We now look at two issues in code verification that we've ignored till now: the issues of nontermination and of data abstraction.
Our approach to proving the correctness of programs has been to show that each function obeys its spec assuming that any function calls that happen inside the function obey their specs. However, this doesn't work as nicely as we might expect in the presence of recursion. For example, consider the following two implementations of a list length function:
fun length(lst) = case lst of [] => 0 | _::t => 1 + length(t) |
fun length(lst) = length(lst) |
Clearly, the implementation on the right is not going to work; it's going
to go into an infinite loop. Yet according to our recipe for verification,
this function is correct–it just calls the function length
,
which we're supposed to assume obeys its spec. So in what sense is this
implementation correct? It's what is called partial correctness.

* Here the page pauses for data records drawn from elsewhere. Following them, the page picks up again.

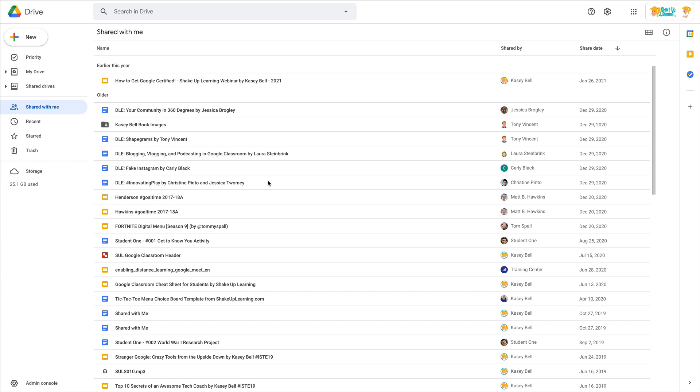Hey y'all, it's time to talk about the Shared with Me section of Google Drive. I mentioned this in a podcast episode, but we definitely need a video. So many teachers like to stay organized and clean up the Shared with Me section.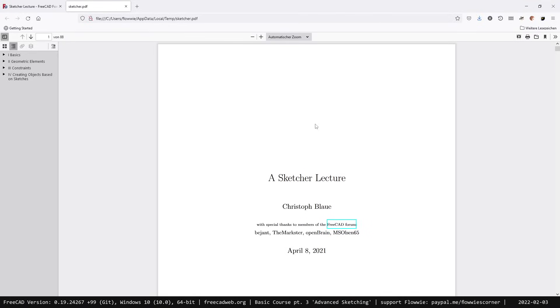If you have any questions or comments you want to leave me under the video, feel free to do so and have a great time. The next video will contain another exercise for you, because exercising is key to learning FreeCAD. Have a great time, Flowey is out, goodbye!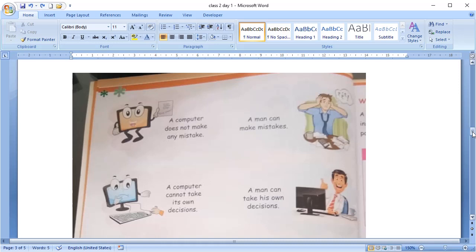The next point is decision. A computer cannot take its own decision. A man can take its own decisions. A computer is dependent upon us for its working. We have to tell it what to do and how to do it. A computer cannot take its own decisions. It will do the task as we say to do.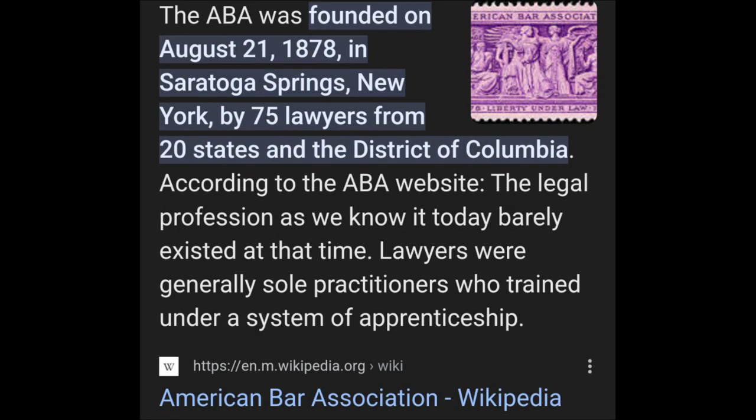Now, who did this? According to Wikipedia, the ABA was founded on August 21st, 1878, in Saratoga Springs, New York, by 75 lawyers from 20 states and the District of Columbia. According to the ABA website, the legal profession as we know it today barely existed at that time. That's a lie — but it's twisted here. What they're referencing is a monopoly. What we have today in the legal profession is a monopoly on the ability to write, quote-unquote, documents, or laws, actions in law, reduced to writing, essentially.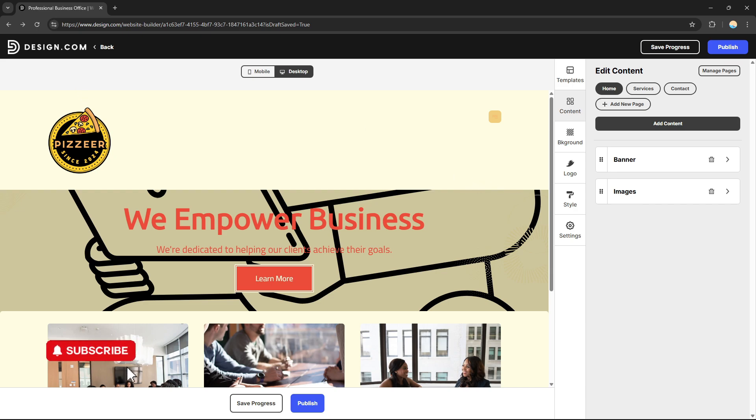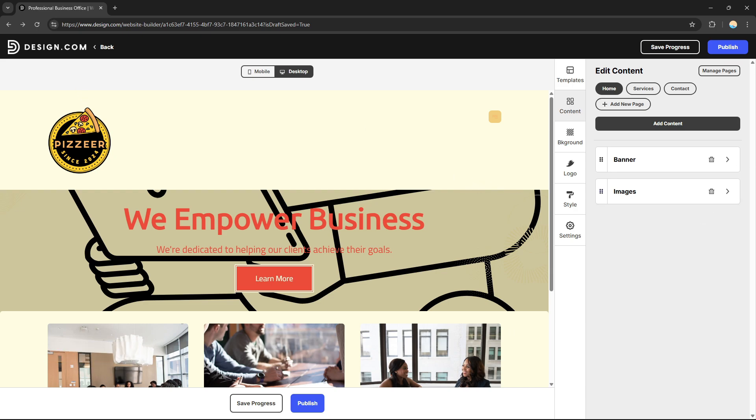That's how you can use design.com to build your website and logo. If you want more content like this, please like this video, subscribe to our channel, and see you in the next one.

A program is partially correct if whenever it terminates (finishes evaluating), it produces results in accordance with the specification. However, there is no guarantee that it terminates. To put it another way, a partially correct program either fails to terminate or it produces the correct results. If we can show that a partially correct program also terminates, then the program is totally correct: it will always satisfy the spec.
It is possible to extend our vc function to generate preconditions for total correctness, but for most SML code, this is overkill, because it is typically easy to reason about termination in functional programming languages.
The key to proving that a recursive function terminates is to show that the argument to the recursive function gets strictly smaller in some sense whenever there is a recursive call. And further, that the argument cannot keep getting smaller indefinitely. For example, if the argument is always a nonnegative integer, and the recursive call is always to a smaller nonnegative integer, then the recursion must bottom out at some point (at or before zero). This is why we know that the implementation of factorial terminates:
(* Requires: n≥0 * Returns: fact(n) = n! *) fun fact(n) = if n = 0 then 1 else n*fact(n-1)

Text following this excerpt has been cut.